(Beginning of DATA FOR THIS EXERCISE)

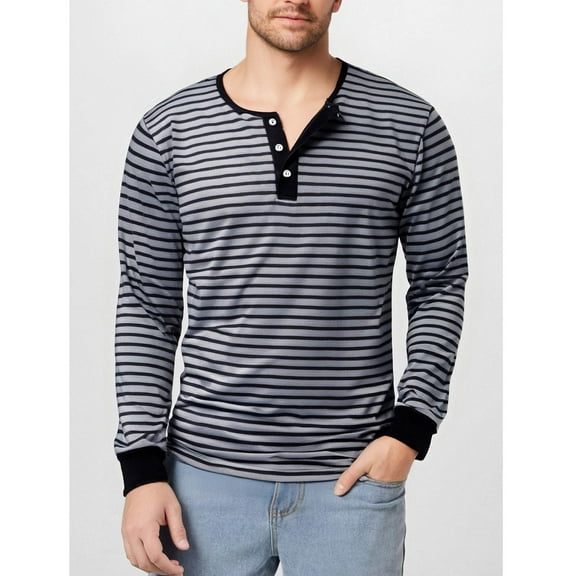 zejinsd Mens Fall Tops Streak Fallow Round Neck Long Sleeve Base Shirt Button Loose Fit Dressy Pullover Sweatshirts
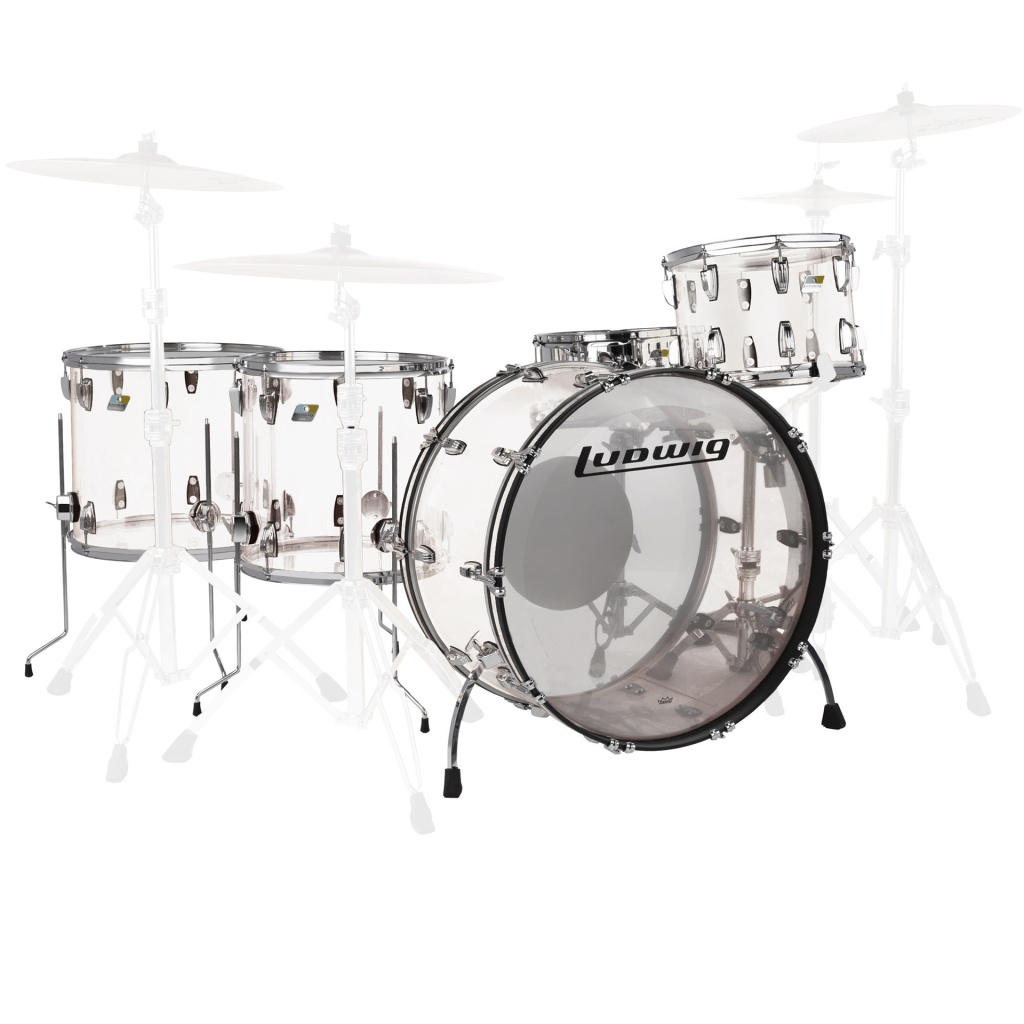 Набор барабанов Ludwig L8264LX38 Vistalite Zep Set, акрил, прозрачный, 5к - 4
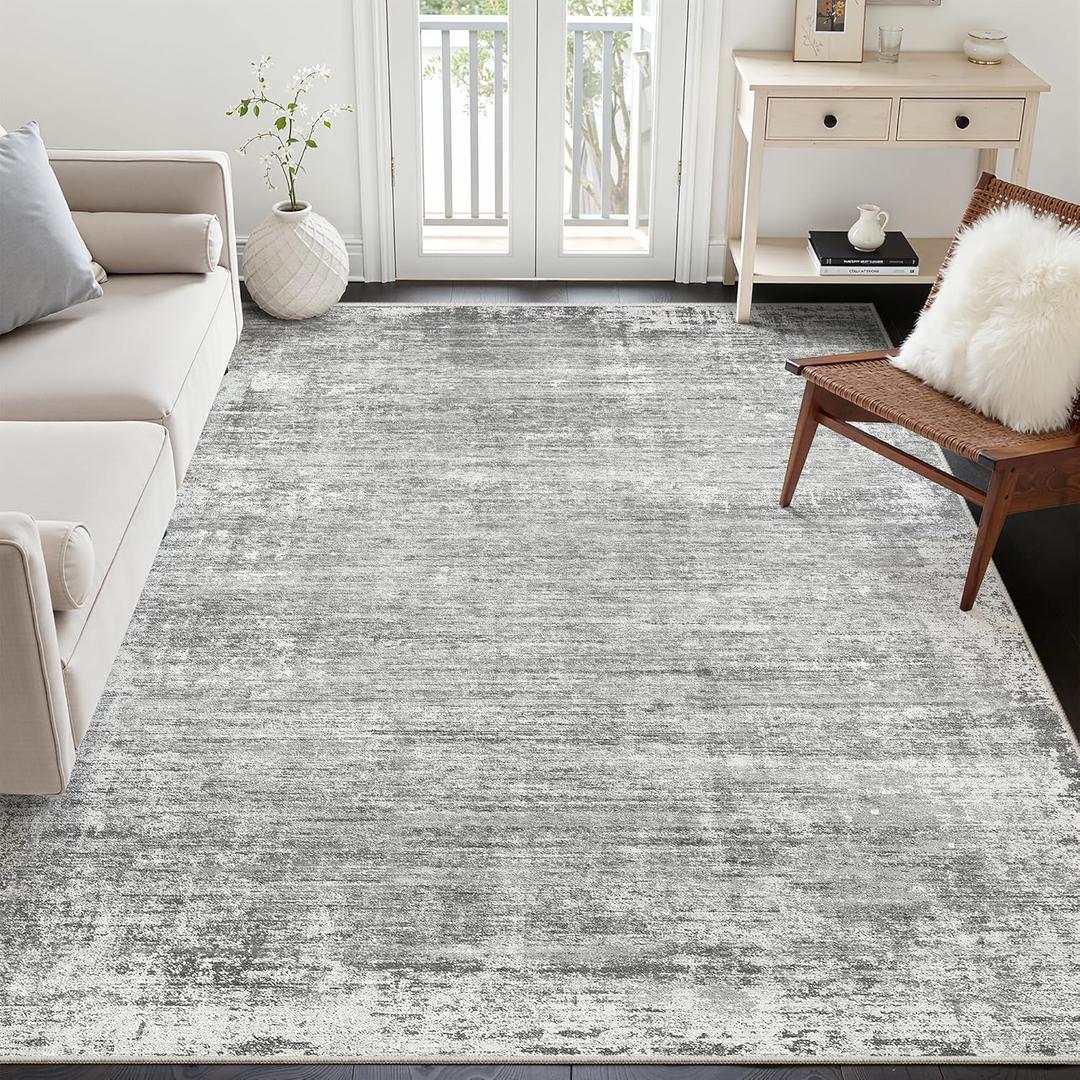 zesthome 5x7 Area Rugs, Modern Washable Rug, Non-Slip Rugs for Living Room, Stain Resistant Abstract Rugs, Ultra-Thin Indoor Area Rug 5x7, Home Decor Grey Rug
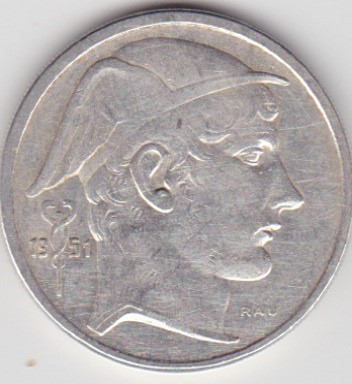 BELGIA 50 FRANCI FRANCS 1951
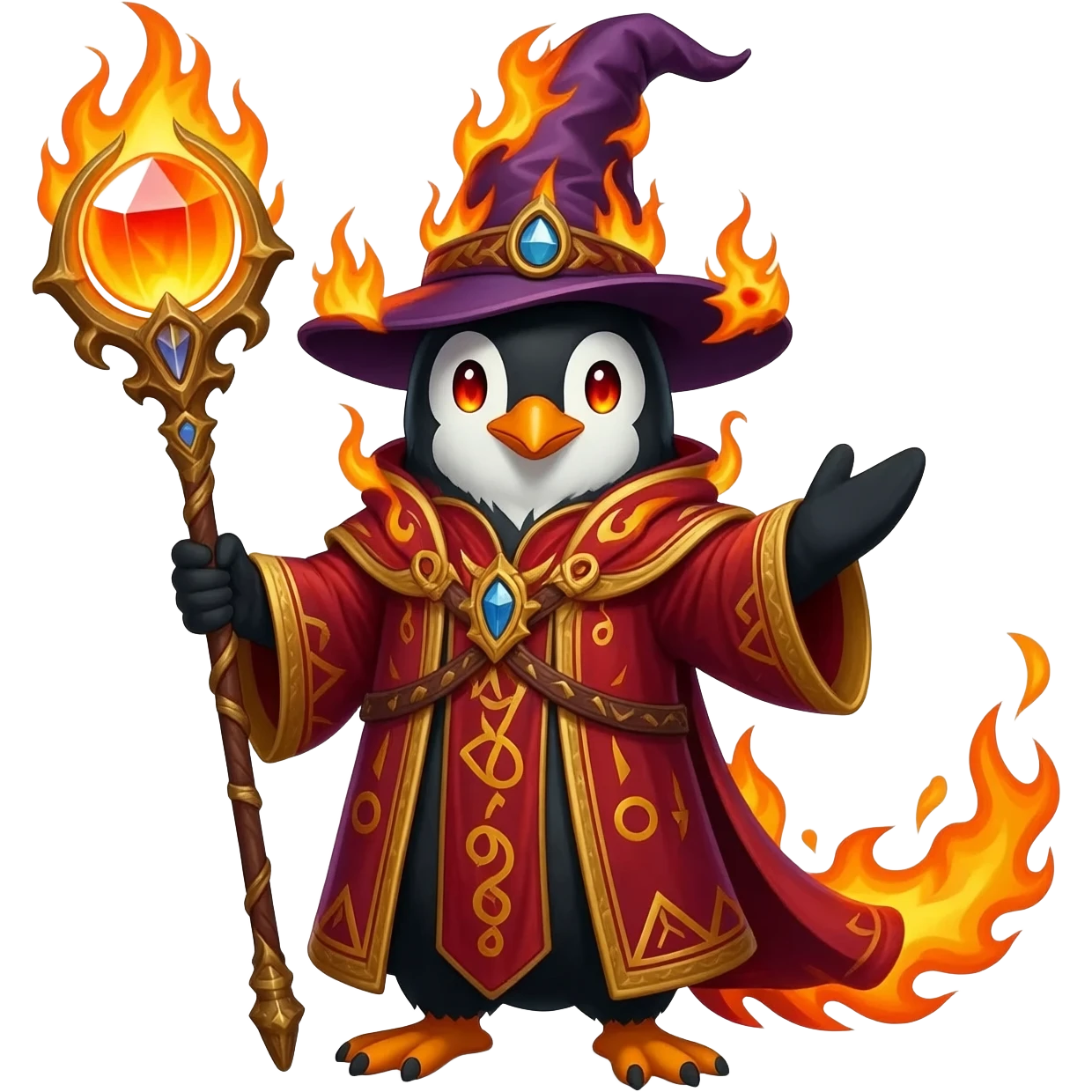 Vibrant fire wizard penguin with black-and-white feathers and glowing fiery-orange eyes. Wearing crimson-and-gold robes with flaming runes and tall wizard hat with burning embers. Holding ornate staff with blazing crystal orb. Swirling orange flames and embers emanate from its body and wings emoji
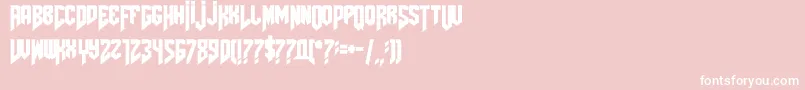 Amazdoomleft2-Schriftart – Weiße Schriften auf rosa Hintergrund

(End of DATA FOR THIS EXERCISE)

WHAT YOU WILL DO: Restate the entries above word for word, keeping pictures out of the copy.

ANSWER SECTION:
 zejinsd Mens Fall Tops Streak Fallow Round Neck Long Sleeve Base Shirt Button Loose Fit Dressy Pullover Sweatshirts
 Набор барабанов Ludwig L8264LX38 Vistalite Zep Set, акрил, прозрачный, 5к - 4
 zesthome 5x7 Area Rugs, Modern Washable Rug, Non-Slip Rugs for Living Room, Stain Resistant Abstract Rugs, Ultra-Thin Indoor Area Rug 5x7, Home Decor Grey Rug
 BELGIA 50 FRANCI FRANCS 1951
 Vibrant fire wizard penguin with black-and-white feathers and glowing fiery-orange eyes. Wearing crimson-and-gold robes with flaming runes and tall wizard hat with burning embers. Holding ornate staff with blazing crystal orb. Swirling orange flames and embers emanate from its body and wings emoji
 Amazdoomleft2-Schriftart – Weiße Schriften auf rosa Hintergrund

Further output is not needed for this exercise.